[Goes off.]

SHABELSKY [going after him]: How? Come, teach me.

BORKIN: There’s nothing to teach. It’s very simple ... [Coming back.] Nikolay Alekseyevich, give me a rouble.

 

[IVANOV silently gives him the money.]

 

Merci. [To the Count] You’ve still got a lot of trumps in your hand.

SHABELSKY [going after him]: Which ones?

BORKIN: In your place I’d have thirty thousand in a week, if not more. [Exit with the Count.]

IVANOV [after a pause]: Superfluous people, superfluous words, having to answer stupid questions — doctor, all this has exhausted me to the point of making me ill. I’ve become irritable, bad-tempered, unpleasant and petty to the extent that I don’t recognize myself. I have a headache for days on end, I can’t sleep, there’s a noise in my ears ... And there’s absolutely nowhere I can go ... Nowhere ...

LVOV: Nikolay Alekseyevich, I must have a serious word with you.

IVANOV: Speak.

LVOV: I must talk to you about Anna Petrovna. [Sits down.] She has refused to go to the Crimea but she would go with you.

IVANOV [thinking]: For two to go takes money. Also I won’t be given any extended leave. I’ve already taken leave once this year ...
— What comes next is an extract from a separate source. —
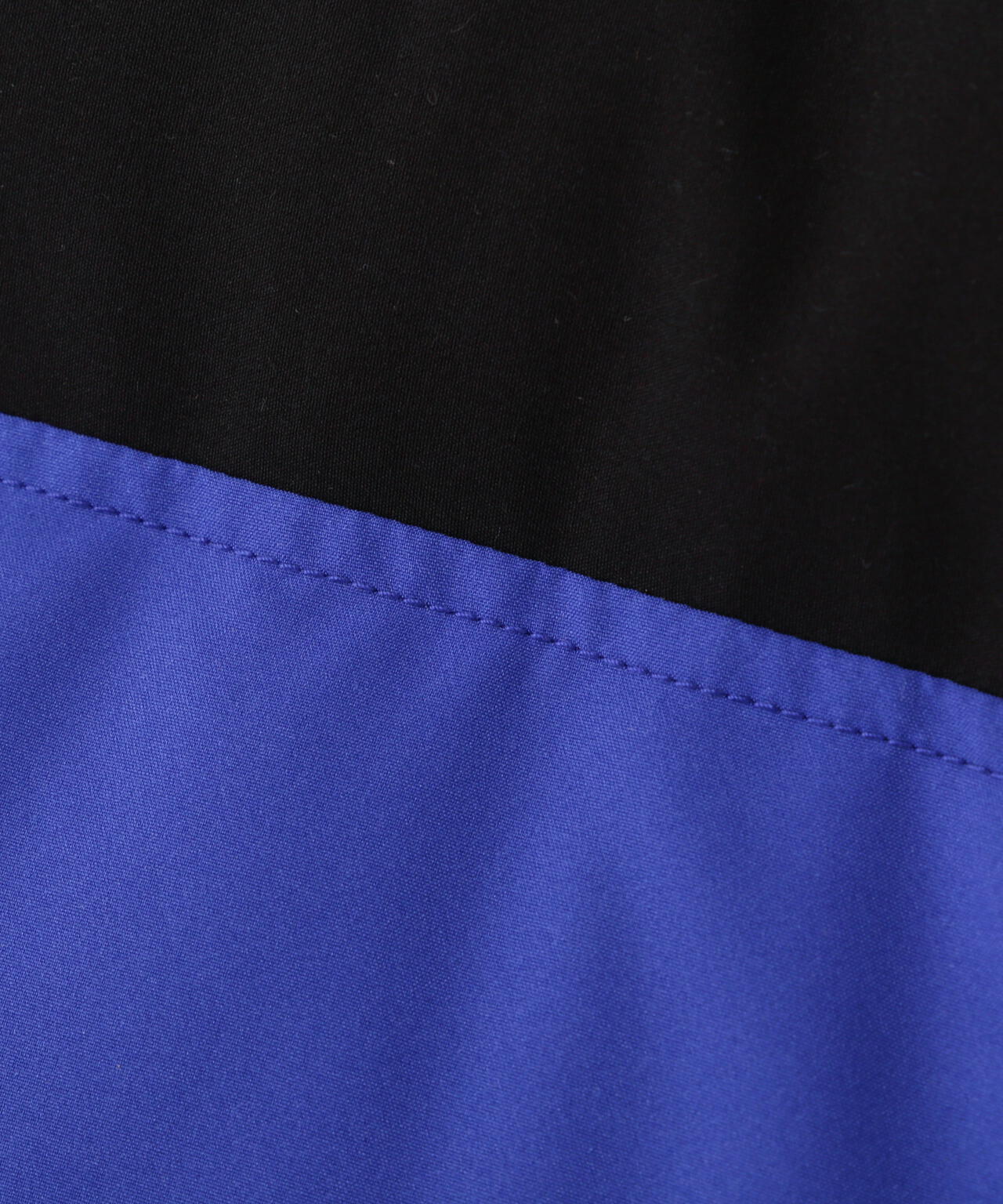 860aa9d4-6826-5aa0-a7d4-ae0179982924_Image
LVOV: Very well. Now let’s go on. The best medicine for consumption is complete rest, and your wife doesn’t have a moment’s rest. She’s constantly upset by your relationship with her. Forgive me, I’m worked up and I must talk frankly. Your behaviour is killing her.

 

[A pause.]

 

Nikolay Alekseyevich, make me think better of you! ...

IVANOV: All that is true, true ... I am probably dreadfully to blame, but my thoughts are confused, my soul is paralysed by some kind of sloth, and I haven’t the power to understand myself. I don’t understand other people or myself ... [Glances at the window.] We could be overheard here, come, let’s go for a walk.

 

[They get up.]

I would tell you the story from the beginning, my friend, but it’s a long story and so complicated you wouldn’t have got to the end of it by morning.

[They walk.]

Anyuta is a remarkable, unusual woman ... For me she changed her faith, she abandoned her father and mother, gave up wealth, and if I demanded another hundred sacrifices she would make them without blinking. Well, I am wholly unremarkable and have sacrificed nothing. But it’s a long story ... The whole point is, my dear doctor [hesitates], that ... to put it briefly, I married for passionate love and swore to love her for ever, but ... five years have passed, she still loves me, but I ... [Throws up his hands.] Now you’re telling me that she will die soon, but I feel neither love nor pity, just a kind of emptiness, exhaustion. To an outside observer this is probably appalling; I myself don’t understand what is happening inside me ...

 

[They walk out down the avenue.]

IV

[SHABELSKY, then ANNA PETROVNA.]

 

SHABELSKY [coming in and laughing]: My word, he’s not a crook but a thinker, a virtuoso! We should put up a monument to him. He brings together in his own single person the corruption of today in all its guises: lawyer, doctor, profiteer, accountant. [Sits down on the bottom step oftheterrace.] And I don’t think he has any qualifications, that’s what is surprising ... So what a genius of villainy he would be if he were also a master of culture and the humanities! He says, ‘In a week you could have twenty thousand.’ He says, ‘You also hold the ace of trumps in your hand — your title of count.